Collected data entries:

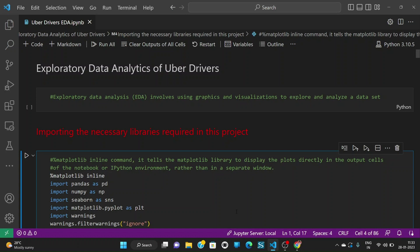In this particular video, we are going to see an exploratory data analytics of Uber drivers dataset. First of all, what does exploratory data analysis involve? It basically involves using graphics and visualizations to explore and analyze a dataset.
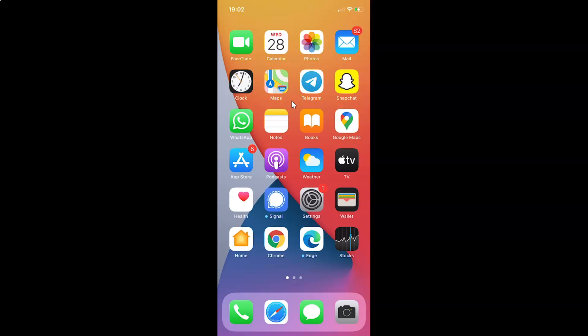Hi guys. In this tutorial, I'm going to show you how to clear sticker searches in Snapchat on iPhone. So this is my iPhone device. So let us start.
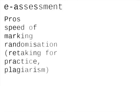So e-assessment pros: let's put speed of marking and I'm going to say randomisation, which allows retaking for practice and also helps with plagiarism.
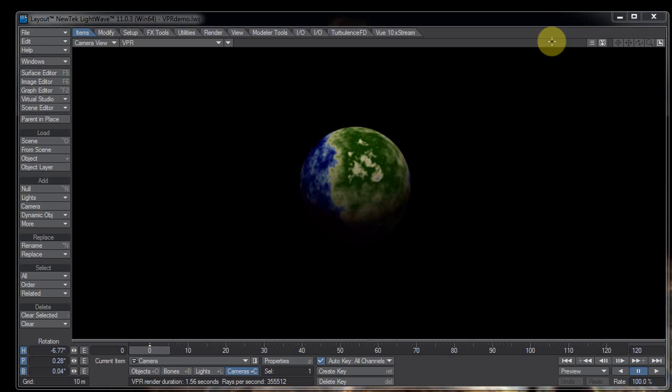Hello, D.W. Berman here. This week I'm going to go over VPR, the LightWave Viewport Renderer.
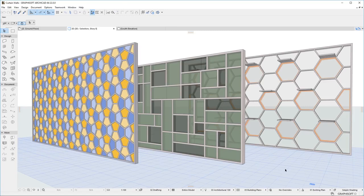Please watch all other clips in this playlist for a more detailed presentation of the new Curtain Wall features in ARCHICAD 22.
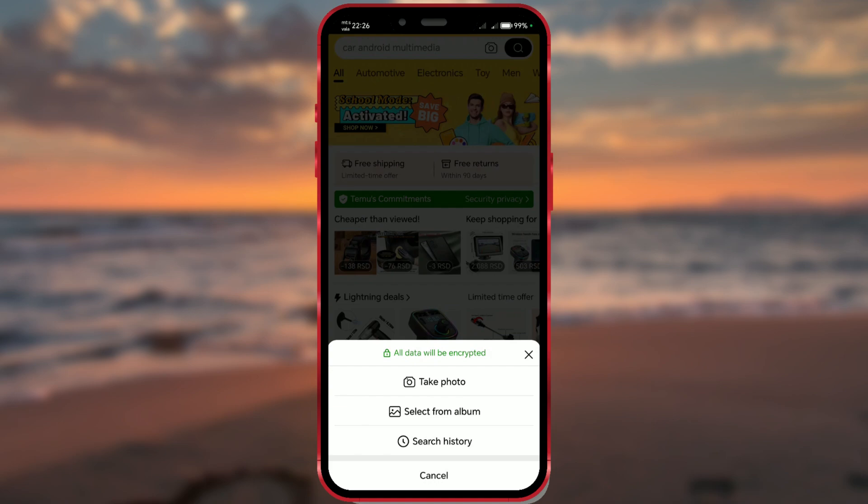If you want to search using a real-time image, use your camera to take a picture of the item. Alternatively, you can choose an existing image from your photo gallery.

- [PROBLEM DESCRIPTION] Starting with the line that contains "Hi guys. In", give the lines again exactly as they appear through the last line of the data, pictures excluded.

- [OUTPUT]
Hi guys. In this tutorial, I'm going to show you how to clear sticker searches in Snapchat on iPhone. So this is my iPhone device. So let us start.
So e-assessment pros: let's put speed of marking and I'm going to say randomisation, which allows retaking for practice and also helps with plagiarism.
Hello, D.W. Berman here. This week I'm going to go over VPR, the LightWave Viewport Renderer.
Please watch all other clips in this playlist for a more detailed presentation of the new Curtain Wall features in ARCHICAD 22.
If you want to search using a real-time image, use your camera to take a picture of the item. Alternatively, you can choose an existing image from your photo gallery.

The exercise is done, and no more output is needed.